There's a lot to like here. First and foremost is the invention. I loved the schemata for monsters that is used as a backdrop. As mentioned before, it brought to mind things like Men in Black, but Meeks adds details of his very own, such as the fact that the monsters have no bodies except for whatever they can cobble together from Earth material. As an example, one monster is composed of the soiled tissues of masturbating teenage boys, and the more they wank the bigger the monster gets. And then there are the monsters' personal habits, such as eating paint or underwear. Most of the monsters are harmless, creatures who have come to Earth in the hope of finding something better than their own world and want nothing more than to exist under the radar. But of course some of the monsters really are menaces, as with the Hellion that organises things at Innisfil.

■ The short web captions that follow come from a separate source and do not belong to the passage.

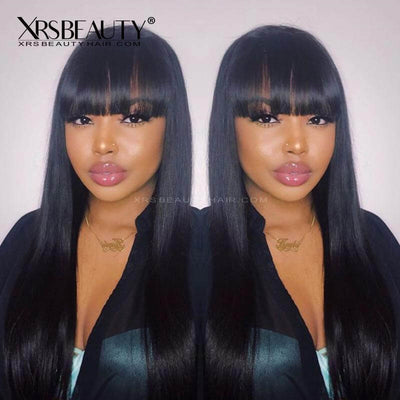 XRSbeauty Human Hair Swiss Lace Front Long Black Straight Wig with Bangs 150 density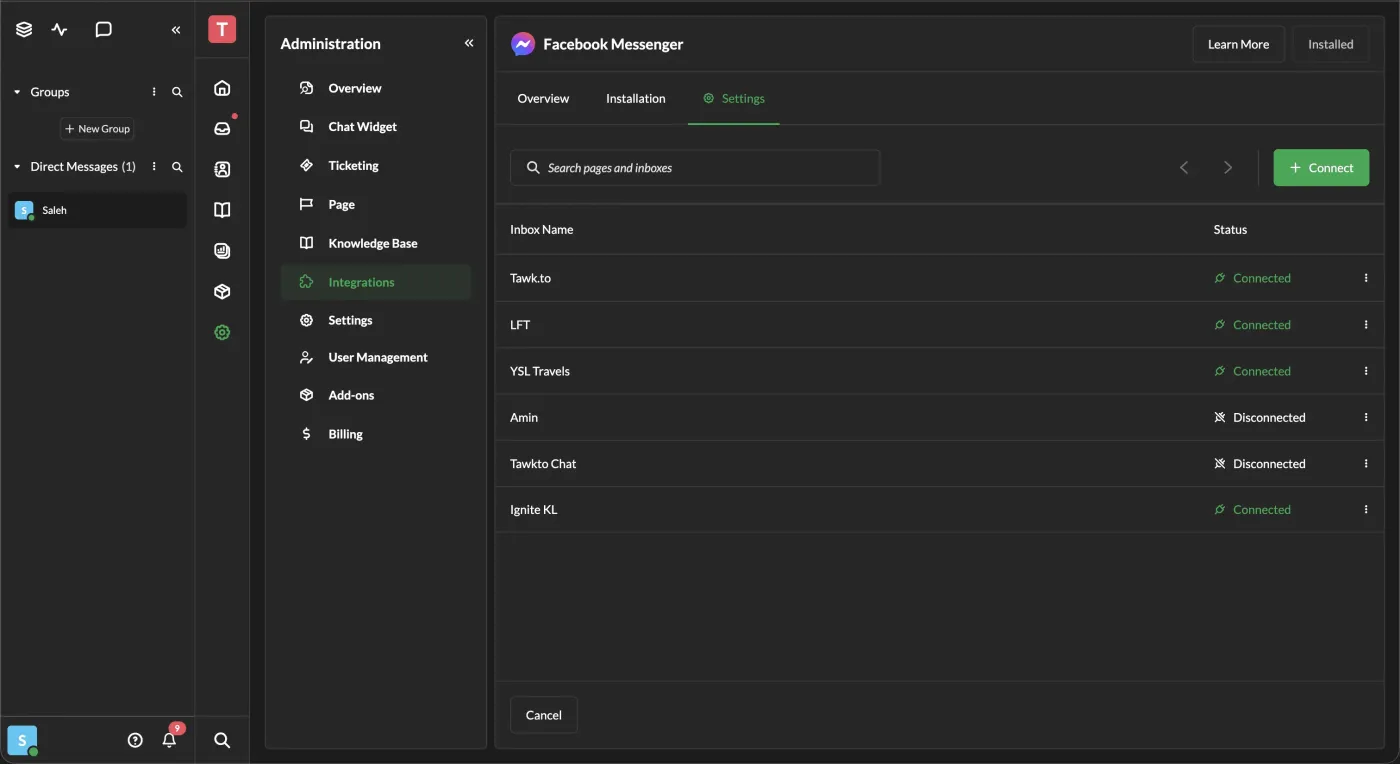 Enhancement for Integrations: Connection settings
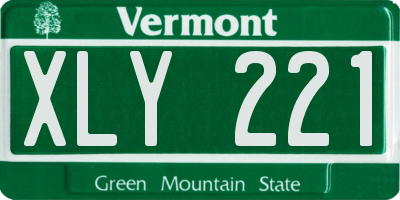 VT license plate XLY221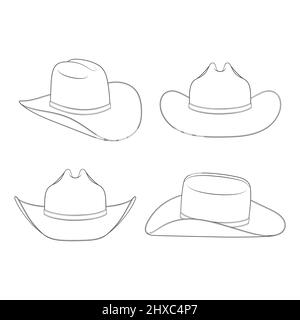 Jeu d'illustrations en noir et blanc avec chapeau de cow-boy. Objets vectoriels isolés sur fond blanc. Illustration de Vecteur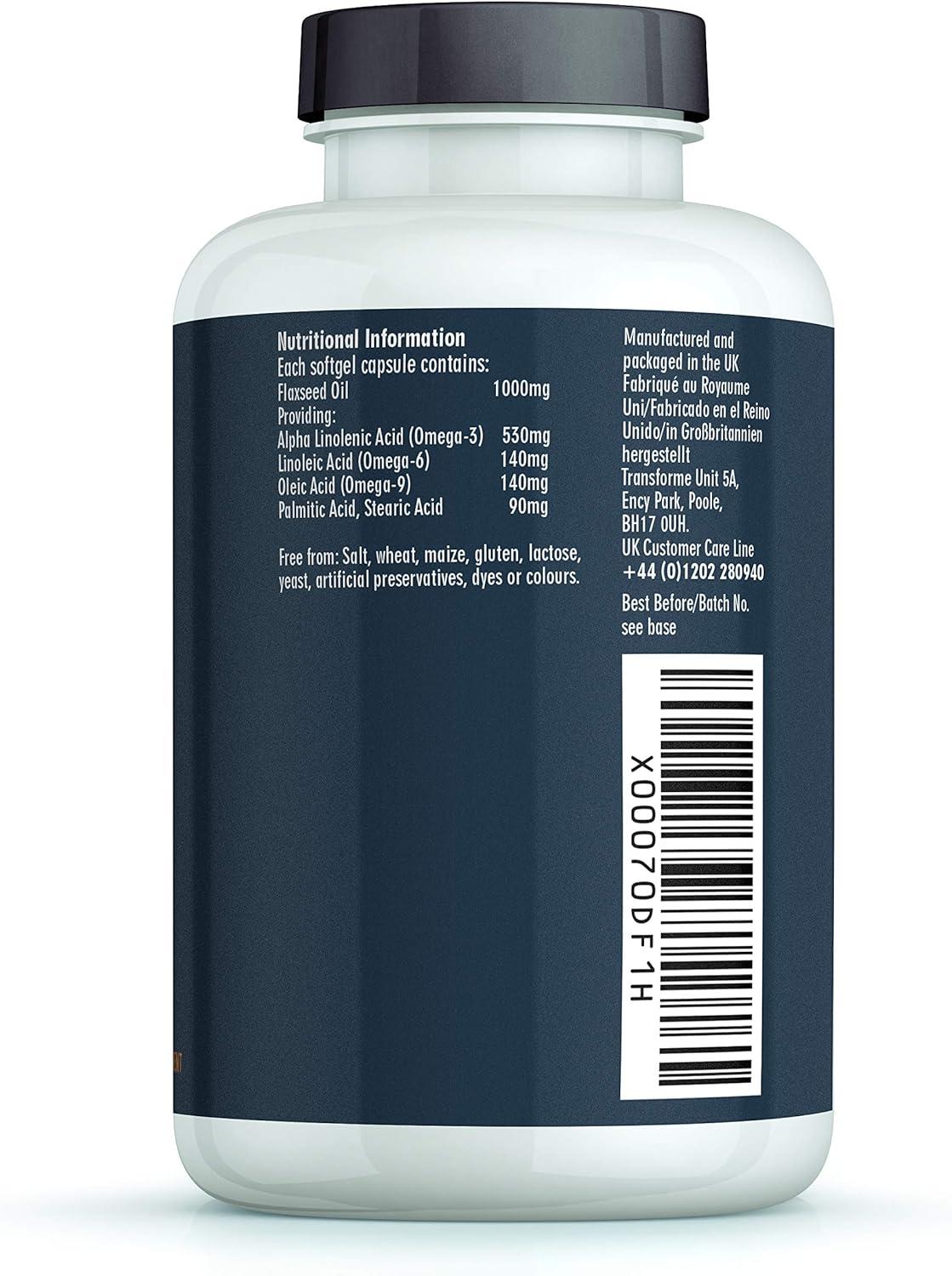 Transforme Flaxseed Oil Capsules 1000mg Cold Pressed Omega 3 6 9 180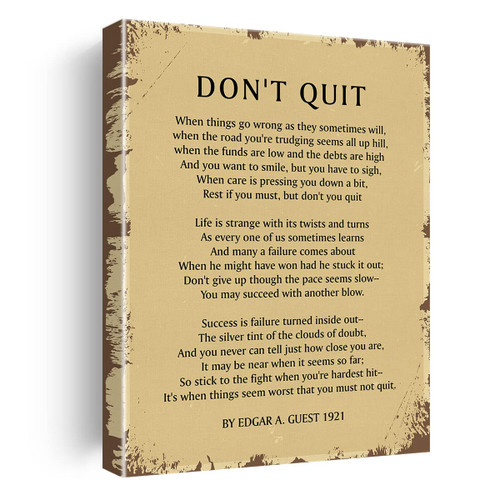 Inspirational Canvas Wall Art Decor Don't Quit Poem Poster Painting Framed Retro Success Poem Print Signs Motivational Picture for Home Office Bedroom Decor 12 X 15 inch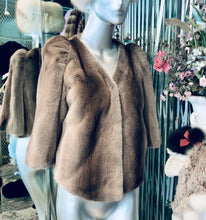 Load image into Gallery viewer, Champagne Taupe Beige Mink Fur Bolero Ruched Shoulders
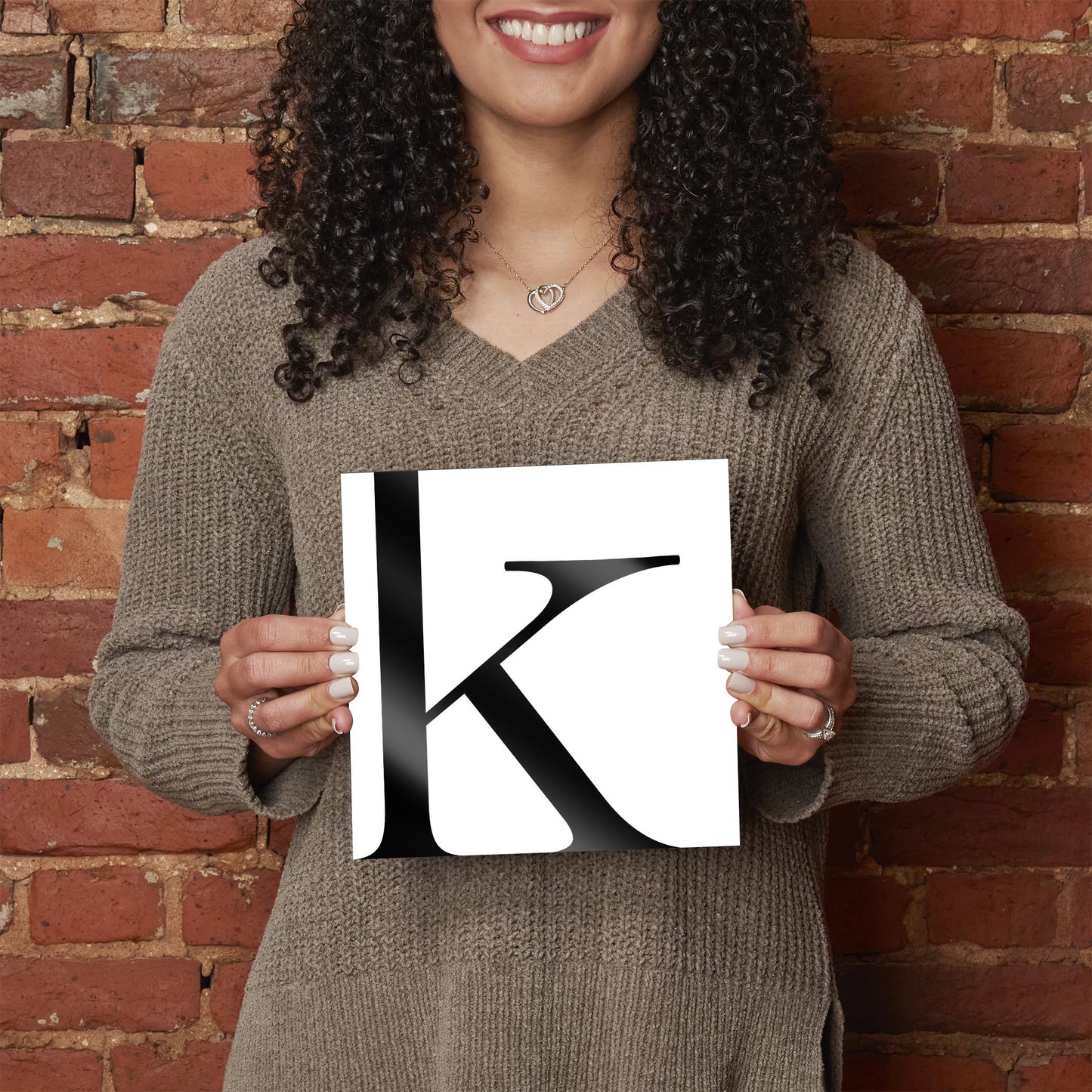 Minimal Monogram K | Hi-Def Glass Art | Eaches | Min 2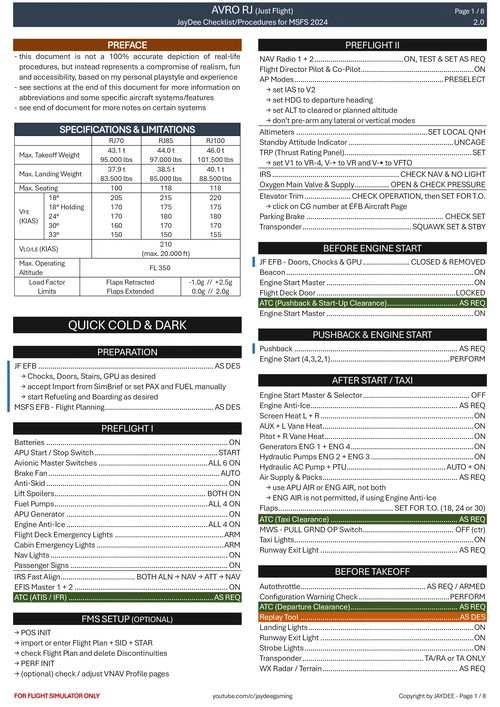AVRO RJ - Procedures and Checklist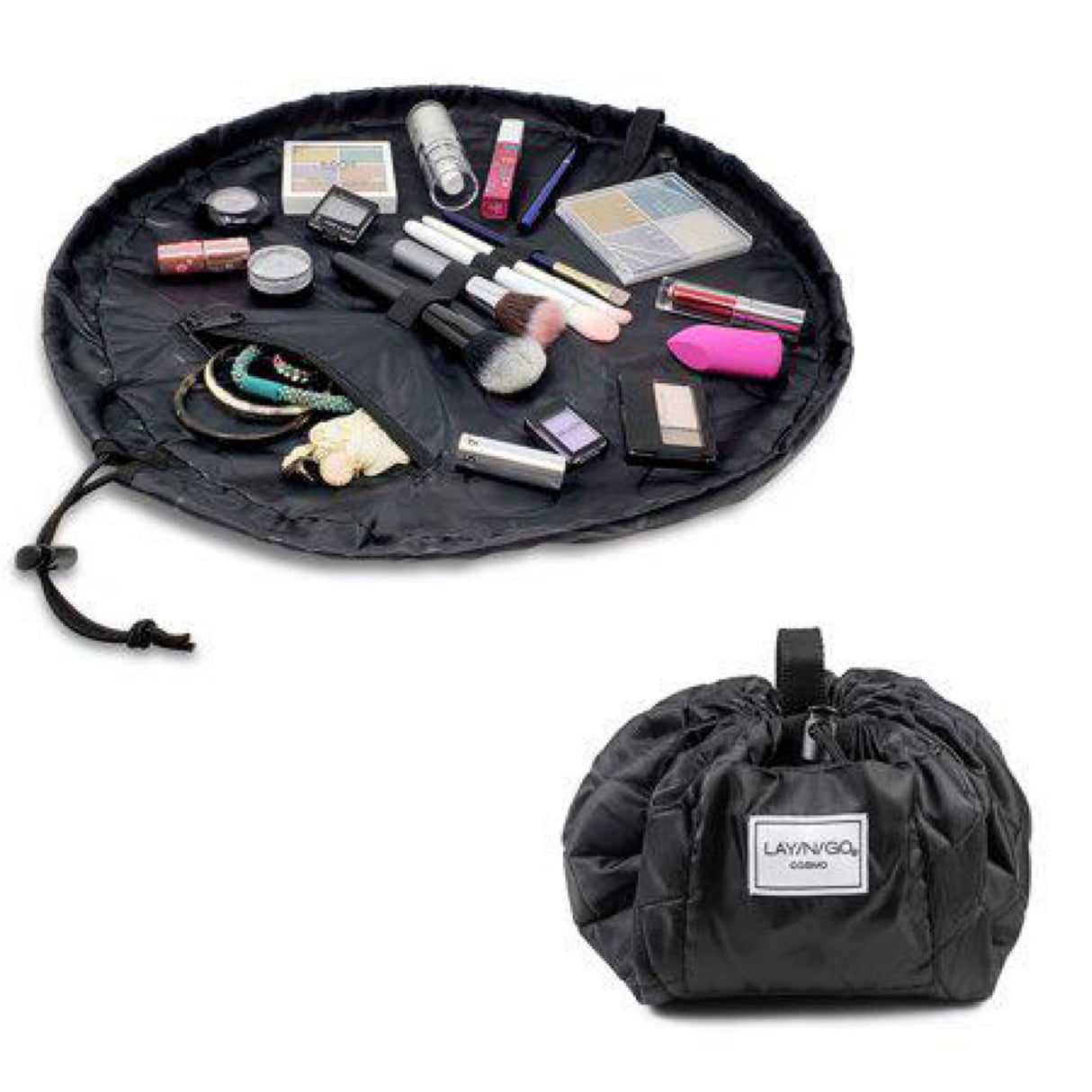 Lay-N-Go Cosmo (20 ) Drawstring Cosmetic Makeup Bag Organizer Travel to School
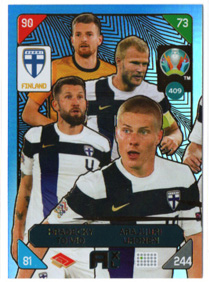 2020-21 Panini Kick Off Uefa EURO SKANDINAVIAN STARS #409 Lucas Hradecky-Toivio-Arajuuri-Uronen FINLAND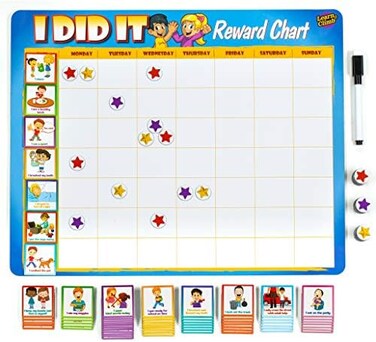 Learn &amp; Climb Kids Chore Chart - 63 Behavioral Chores as Potty Train, Thick Magnetic, Reward Chart Board, Kids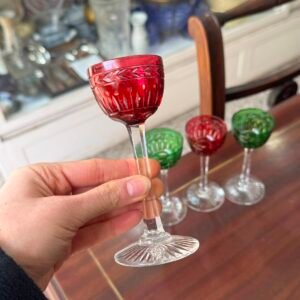 Set de 4 copas de cristal súper tallado estilo baccarar para licor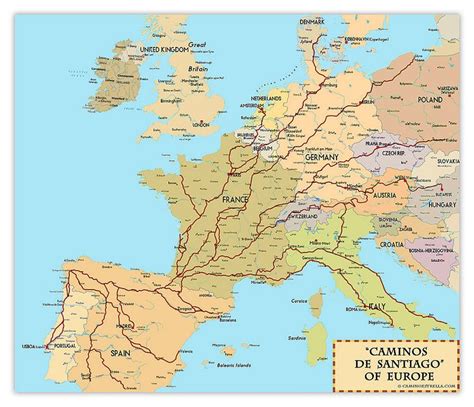 Map of Pilgrimage Routes to Santiago de Compostela | Camino de santiago ...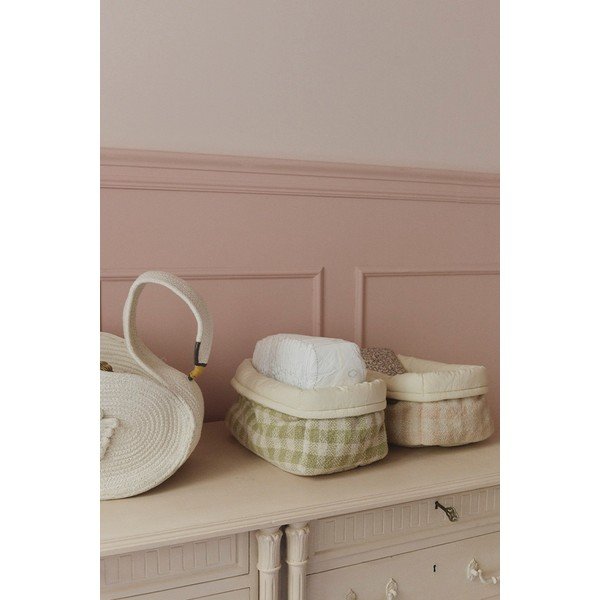 Coș de jucării pentru copii verde deschis din material textil 30x20x20 cm Swan Matcha – Lorena Canals-image-1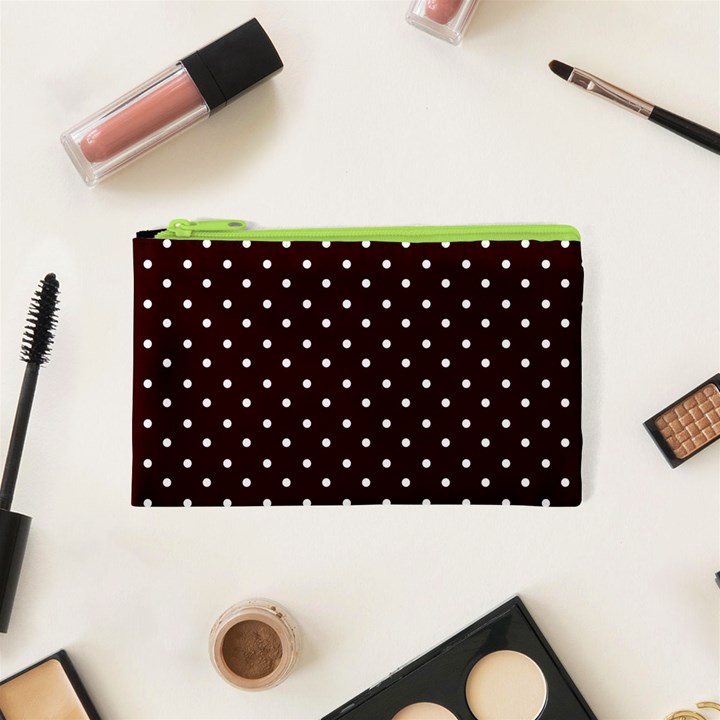 Little  Dots Maroon Cosmetic Bag (XS)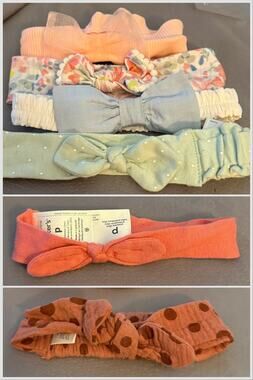 Lot of 6 Infant Baby Toddler Girl Fabric Headbands - Ruffle, Florals, Bows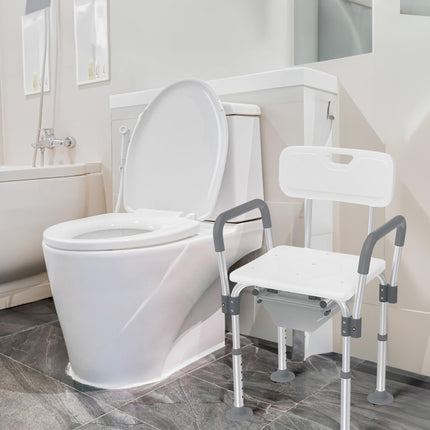 YRHome Augstumā regulējams alumīnija tualetes krēsls, dušas krēsls ar noņemamiem roku balstiem un atzveltni, neslīdošs dušas krēsls, līdz 150 kg, senioriem, grūtniecēm un cilvēkiem ar ierobežotu mobilitāti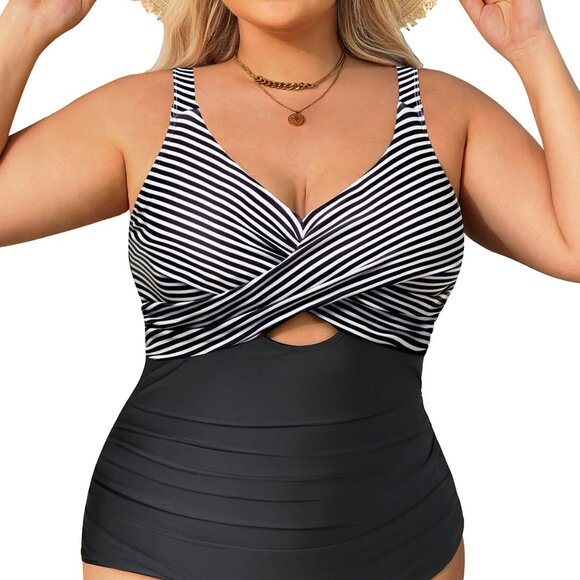 Womens Size 18W One Piece Tummy Control Bathing Suit Cutout - Picture 1 of 10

Another factor is the self-deprecating character of Dillon, who is always undercutting himself, with the whole Monster Dick thing as an example of his humour, but its humour with a purpose. His two main foils are the scheming Godfrey and too good to be true Rouge. The latter is the dictionary definition of a feisty female, come femme fatale, not in the least bit phased by all the crap she gets into courtesy of Dillon's job, while the banter between them and the way in which she is, in one sense at least, so much more mature than Dillon is a delight. Godfrey is a good guy, but not above making a buck or two on the side, and it's his shiftiness that makes the man interesting, both an asset and a liability to Dillon in doing his job. The rest of the dramatis personae, from refreshingly straight up Sheriff Gibson to oily Mayor Fent, along with the unusual residents of Innisfil, are marvellously drawn and add their own dashes of humour and horror to the mix.

A third attraction of the book was the manic action, as Dillon fights predatory fish and zombies and an actual demon, with each scrape worse than the last and the reader wondering how the hell Dillon will get out of this one. And on the latter score we have one of the book's weak spots, as I wasn't at all convinced by how easily, after an appropriate number of alarums and excursions, he dealt with the Gloudians and zombies, while the whole thing at the end with the Hellion seemed more or less like a plot convenience, though I'll admit that it was adequately foreshadowed albeit via some judicious memory gaps on Dillon's part. Minor points though, and overall this book was a lot of fun, the ideal companion for a wet weekend. I can easily imagine it as a big budget movie along the lines of the aforementioned Men in Black (little known fact - mention them three times in a review and they turn up to take away your house bugs).

If you enjoy The Gate at Lake Drive thegood news is there are at least three more books in the series, and if you turned up here after googling 'monster dick' you have both my good wishes and my sympathy.